There is no steering feel to speak of -- that wheel could be the least talkative Italian in history -- but the ratio is suitably quick and helps you fling the short-wheelbase Fiat around corners and weave around jaywalkers. New York's old-world roads, pockmarked by potholes that could swallow a moped whole, don't seem to bother the 500. Our Sport test car, with sixteen-inch wheels and a firmer suspension, remains amazingly composed over bumps even at crazed-taxicab speeds. The small amount of noise that does filter into the cabin is easily drowned out by the powerful Bose sound system.
Despite its rame paint (rame is the Italian word for "copper"; back in the day, Fiat might have more appropriately called this color ruggine, or "rust"), our 500 didn't exactly stop traffic. Clearly, it couldn't possibly look any more adorable, so we'll blame Manhattan's typical automotive ambivalence and Mother Nature's frigid temperatures and high winds. Aside from being cold, those New Yorkers who did notice the 500 had a few things in common. Once we filtered through the hundreds of "cutes," we noticed that the most enthusiastic tended to be Italian American. All of them seemed to know that the car wasn't supposed to be out for another few months. Without exception, perhaps out of fear of confusing this little beauty with a bad Ford Taurus, they referred to it as the Cinquecento (chin-kwah-CHEN-toe), not the "five hundred."

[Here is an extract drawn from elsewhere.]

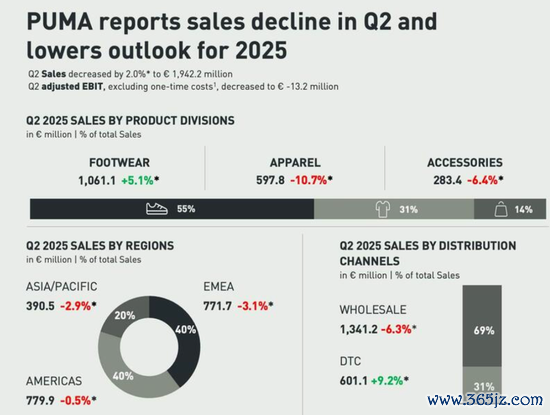　　彪马在二季度营收下滑。数据开端：公司财报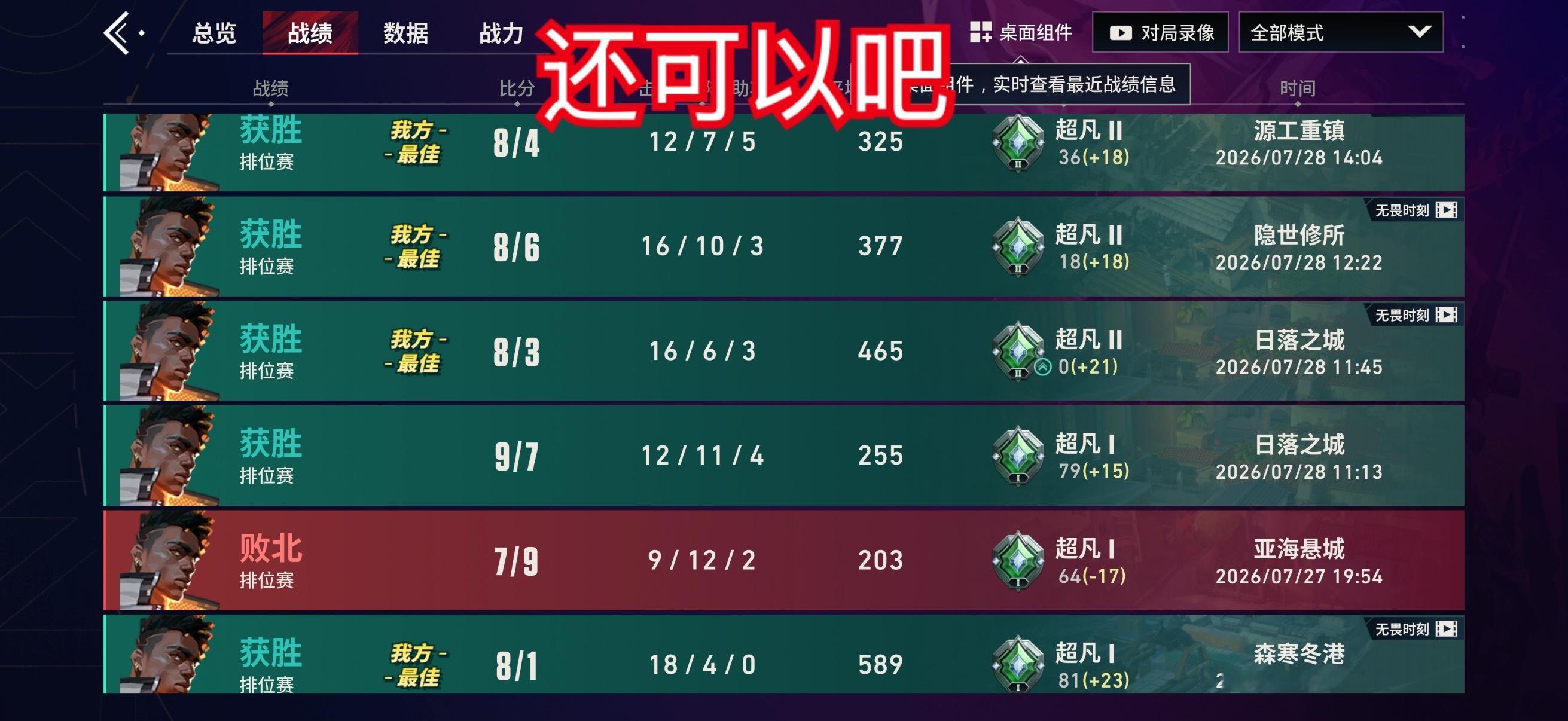 小心震荡 联手出击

In its journey to the Nuovo Mondo (that would be here), the Nuova 500 has stayed remarkably true to its original design. This is especially impressive considering that it was never intended for our market. Our 500 will be produced at Chrysler's plant in Toluca, Mexico, and Fiat's engineers took advantage of the need to create new tooling to make some enhancements to the 500's front and rear suspension. Revised tuning gives our Cinquecento a smootherride, according to Fiat. The front and rear bumpers are new -- the former allowing for additional engine cooling. Significant improvements were made to the 500's crashworthiness, including moving the fuel-filler door forward and fitting seven air bags to the interior. The only remaining visible changes involve adjustments to adhere to U.S. lighting regulations. The weight gain over the European model is a palatable 140 pounds.